The recovery in the commercial property sector, reported towards the latter part of last year, continues to gather momentum as the number of transactions completed, both with regard to the letting and sale of industrial and commercial premises, continues.

For the first time for several years 27 starter units on Hoo Farm are fully let, and for many years the state of the industrial market could be measured by the occupancy rate of these units. From small manufacturing storage and service industries, the range of types of occupancy of these units has changed over the years.

In the 1980’s when they were first built virtually all were let to small manufacturers, whereas now the sector has widened and includes service industries, and those also purely involved in storage and distribution.

Apart from these units, industrial properties being offered for sale on Hoo Farm are receiving more enquiries and viewings, and it is anticipated that the sale of such properties will continue to rise as the year progresses.

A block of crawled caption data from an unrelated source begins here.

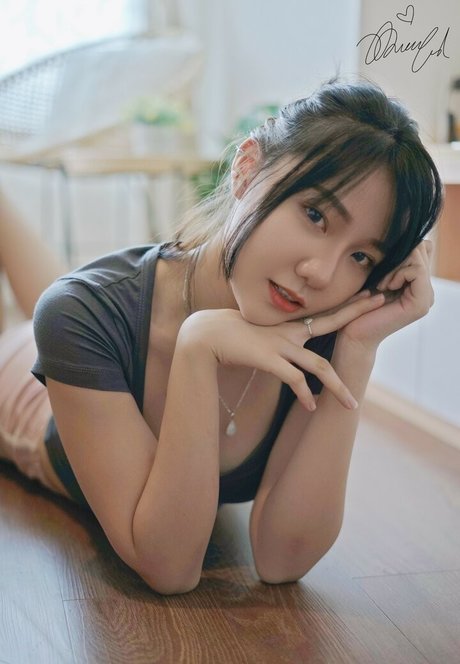 Jenadammaya porn model image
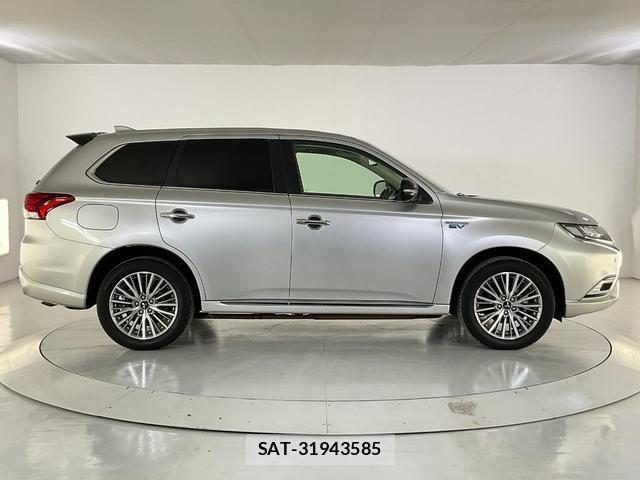 Mitsubishi OUTLANDER PHEV 2019-09 8817401-6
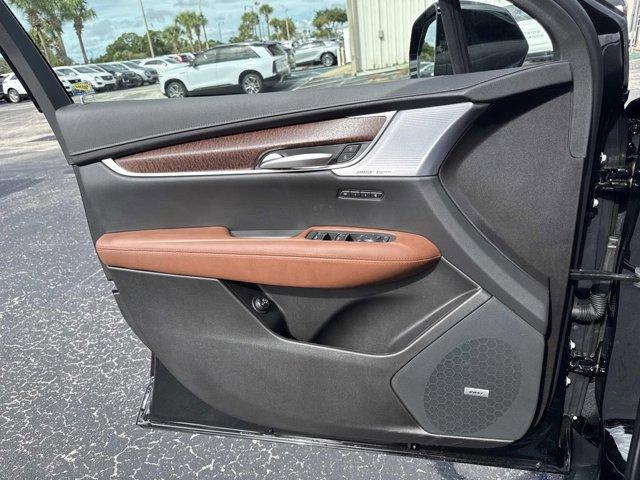 new 2025 Cadillac XT5 car, priced at $58,230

There is also a change in that companies who have managed to consolidate and grow during the recession in units they rent, are now looking forward to purchasing their own properties, realising that in the long term these should prove to be a good investment. Either for the business, or in some cases where purchased through a pension fund, a tax efficient way of providing for their future.

It is also interesting to note that companies who are established in the area, and who have purchased allied companies from other parts of the country are moving these new businesses into Wyre Forest. Being centrally situated in the country, the area is a good location and with transport costs being high enables these companies to access all parts of the UK. There may even be some thought that as the Midlands grows and HS2 becomes reality, then the Midlands will see a higher employment and growth similar to that being experienced in South East England at the moment.

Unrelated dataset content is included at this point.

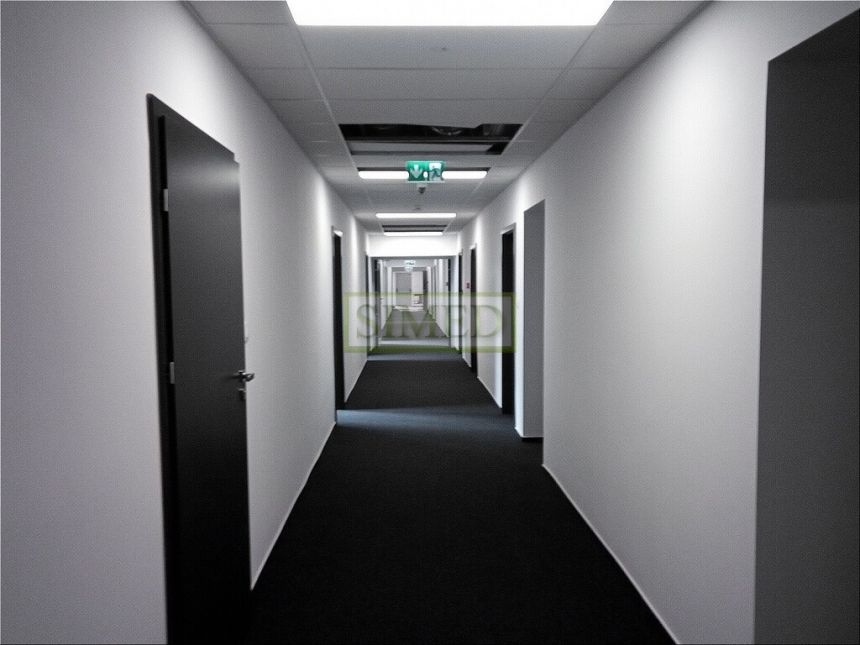 Recepcja ,dostęp 24h ,budynek pofabryczny ,wys 4,5 miniaturka 6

It is undoubtedly economic growth and lower unemployment which helps fuel property prices, and already we are seeing investors in residential rented property seeing opportunities not only for income, but long term capital growth. The amount of new house building now taking place within the district will help satisfy demand, but it has always been in the past the case that values of older property stock eventually catch up with prices being achieved on new properties.

The demand for small shop units in Kidderminster is still evident, again a good sign but as yet there is no real evidence that this has extended into the town centre area, where higher overheads are too much for small new businesses which are trying to establish themselves. Unfortunately the rate of unoccupancy in the town centre sees not real improvement, but it is hoped that the eventual redevelopment of the Bull Ring area will stimulate more enquiry and retailers will realise that Kidderminster is a growing economic centre.